Jan. 14 (Bloomberg) -- The partners in Kazakhstan’s largest oil field will wait for test results due by early February before making a decision on when to resume production.
“The date of the restart of production depends on the required repairs, which can only be assessed once the results of the crack analysis and the results of the PIG inspections are available,” North Caspian Operating Co., the Kashagan field’s operator, said by e-mail today. Both are expected by late January or early February, the company said. PIG refers to a probe used to assess the condition of the pipelines.
The field, where production began in September after being delayed several times from an original target of 2005, was producing about 60,000 barrels a day before a leak stopped output on Oct. 9.
The cost of developing Kashagan doubled from earlier estimates to $48 billion as oil companies drilled from a man-made island to unlock crude in a pressurized reservoir with a high concentration of poisonous sour gas.
NCOC said the inspection of the 90-kilometers (56-miles) long gas pipeline have been completed and the data is being interpreted.
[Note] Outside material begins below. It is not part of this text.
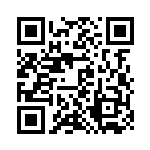 1PXocrTxQikz2Tm4KzPHbr1svK5r6jTnBy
During the inspections a limited presence of diesel was detected and the section of the oil pipeline was isolated and excavated, confirming the presence of a seep in the area of a weld, NCOC said.
The oil pipeline from D Island to the Bolashak onshore processing plant is currently being inspected by a PIG and the findings are expected in one month’s time, NCOC said.
Exxon Mobil Corp., Royal Dutch Shell Plc, Total SA and Eni SpA each hold 16.81 percent in the project. Japan’s Inpex Corp. owns 7.56 percent. State-owned KazMunaiGaz National Co. retains 16.88 percent. China National Petroleum Corp. bought an 8.33 stake percent in September.